When Emilio impregnates Toycie and refuses to sanctify their relationship, Toycie loses her interest in school and any ability to function whatsoever. The strict Sister Virgil, St. Cecilia's principal, becomes aware of Toycie's situation, and she immediately expels Toycie, citing an unacceptable lack of modesty for the expulsion. However, Emilio, a student at St. Anthony's, does not appear to face any consequences for his part in the pregnancy. Toycie withdraws from all her former associates and settles into a depressed state. This eventually leads to an accident causing a miscarriage, a stay in the local mental asylum, and ultimately her death during a storm in the Stann Creek Valley (a mango tree fell, crushing her skull while she is wandering about during the storm).
Role in the novel
As Beka remembers, Toycie was her best friend and confidant, mainly because she understood Beka's travails. But the two friends slowly drift apart due to the attentions of Emillio Villanueva and Beka's new drive to succeed academically (a pursuit Toycie had encouraged her in).

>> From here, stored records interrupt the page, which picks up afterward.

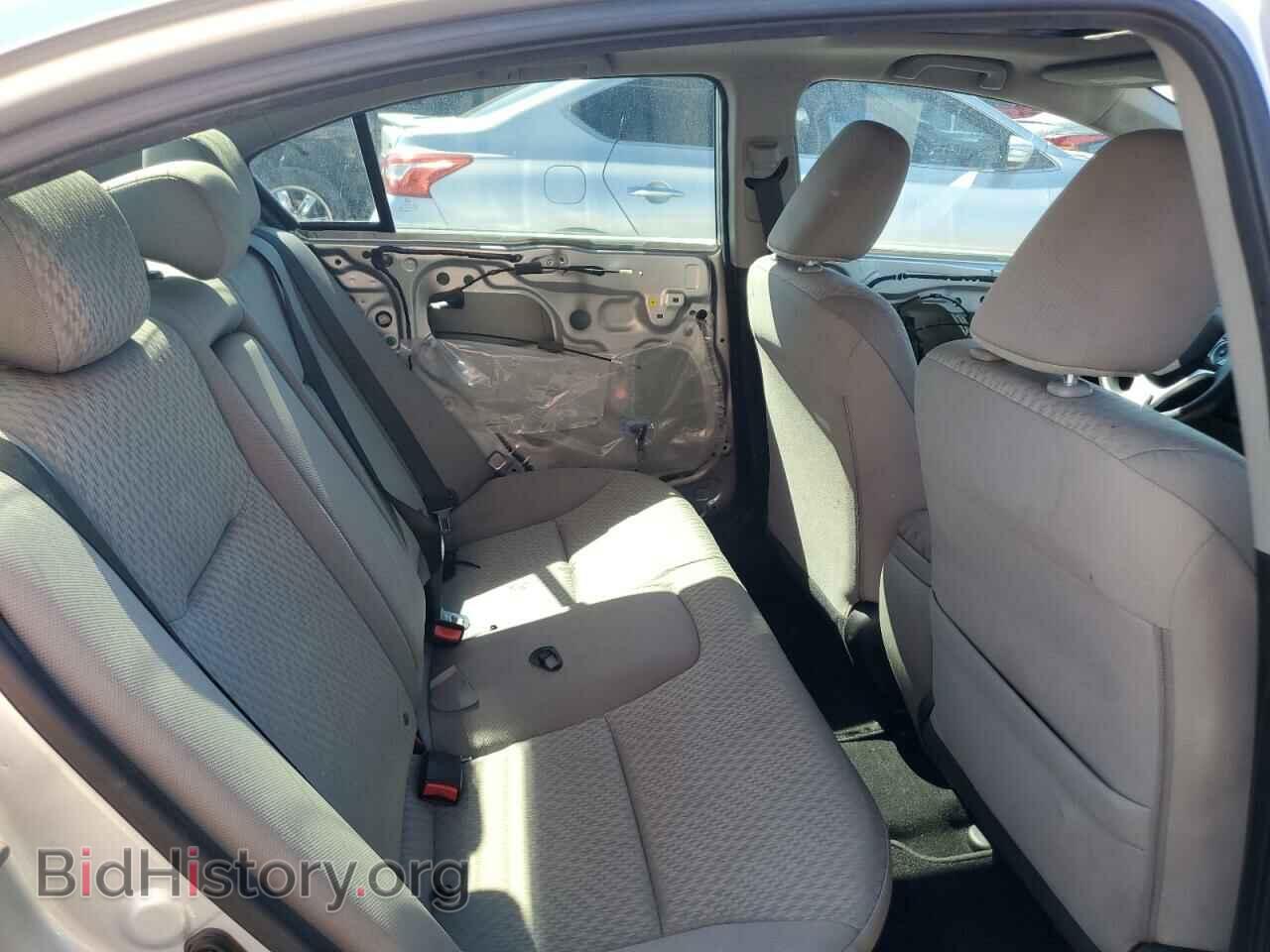 2014 HONDA CIVIC - VIN: 19XFB2F88EE080000 - Фото 10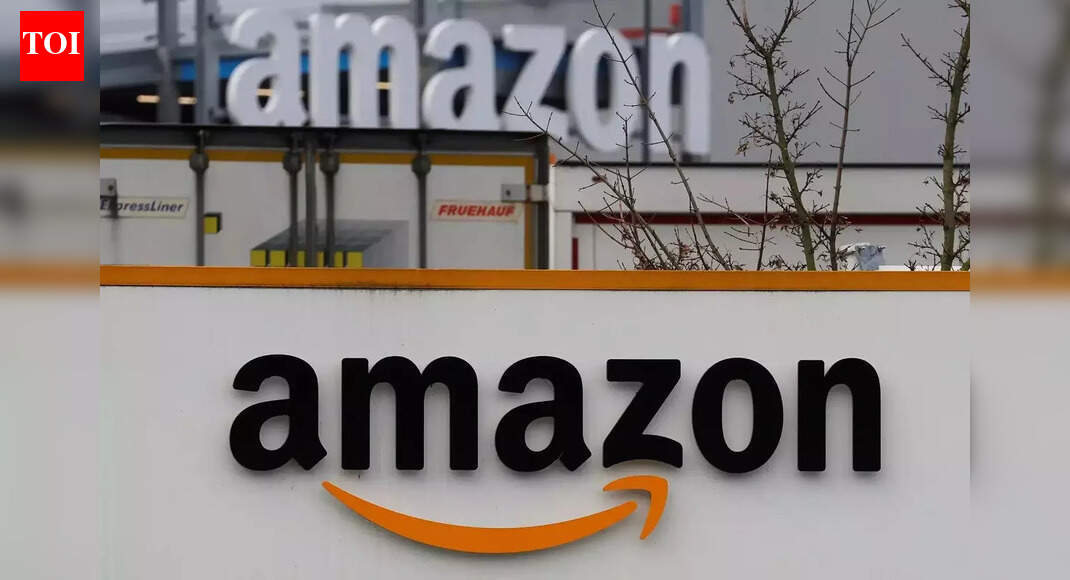 Read memo Amazon sent to employees stuck in India due to H-1B visa delay
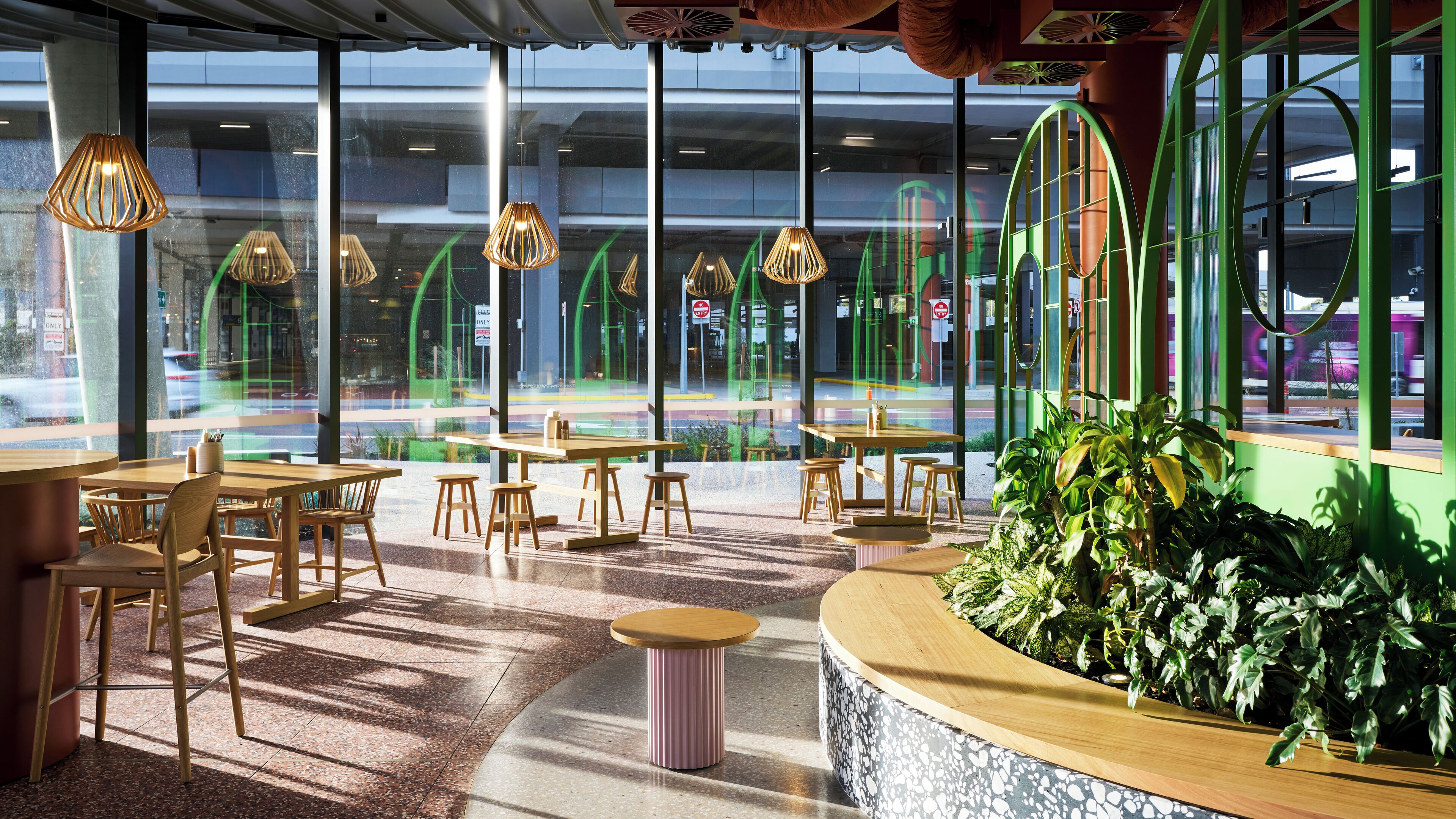 Foto - Novotel Melbourne Airport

To some reviewers, Toycie's plight as a victim of teenage pregnancy has implications for both the social and ethnic development of the nation of Belize. Professor Ervin Beck of Goshen College, Indiana, claims that the novel presents and confirms the Mestizos' increasing dominance of education and economic affairs in the colony, explained by the girls' feeling that "panias" have it better than they do. With regards to Toycie herself, Beck claims her desire to "raise her colour" inevitably brings her into conflict with Emillio and with accepted social standards in the colony, not to mention at her school. Beck also notes that the interplay between Toycie and Emilio foreshadows the dominance of Mestizos in Belizean culture, even dismissing the People's United Party's Central American leanings as indicative of a culture moving away from English influence to Spanish, despite Britain's legal hold on the colony. Ultimately, though, Toycie's main influence is on Beka, who rededicates her life to education after losing her friend and obeys the call presented by her principal below:
- We women must learn to control our emotions, Mr. Lamb. There are times we must stand up and say "enough" whatever our feelings. . . . The women will have to decide for a change in their lives, otherwise they will remain vulnerable. (120)

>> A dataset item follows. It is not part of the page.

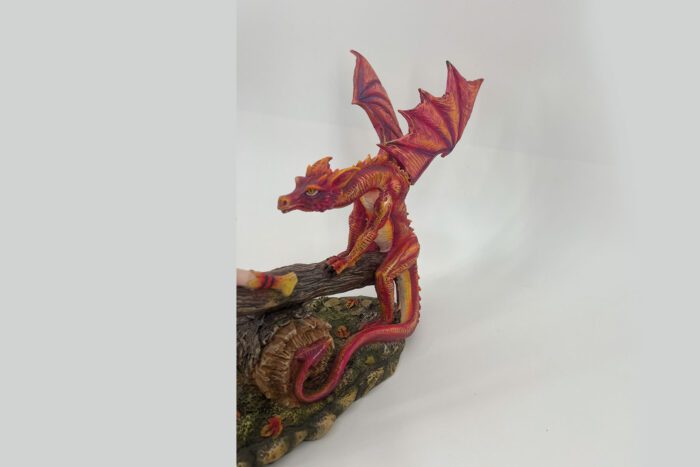 Fairy Dragon Lady - Image 4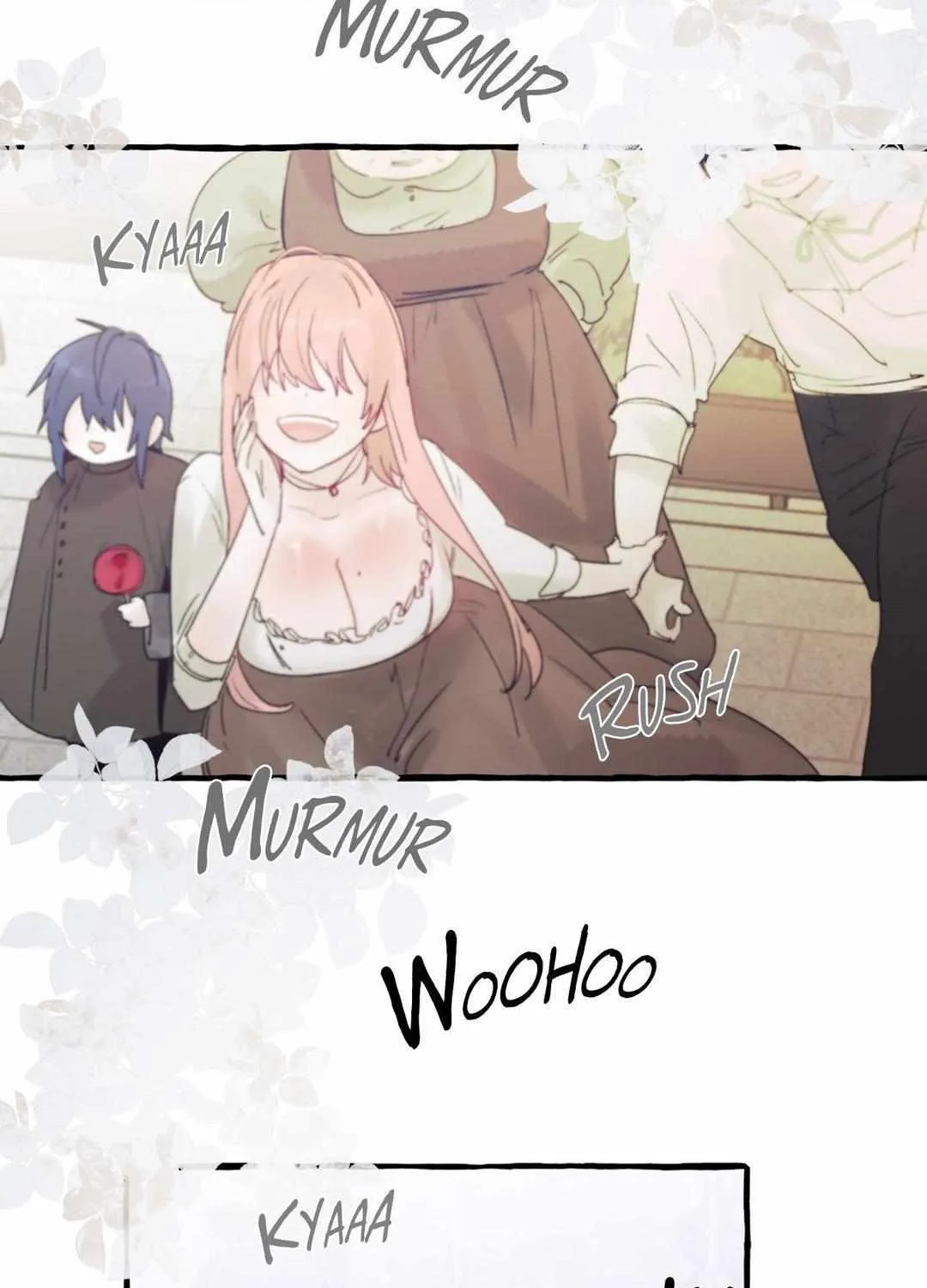 In the Doghouse Chapter 64 page 32 -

Anthony Sylvestre, an attorney writing for the Belize Times in 2007, coined the phrase "The Toycie Syndrome" to refer to the crime of infanticide, or concealing the death of a child. Of course, Toycie had actually lost the child to a miscarriage by the time of her death, but Sylvestre uses the emotions that befall Toycie as a metaphor in describing the emotion behind child concealment.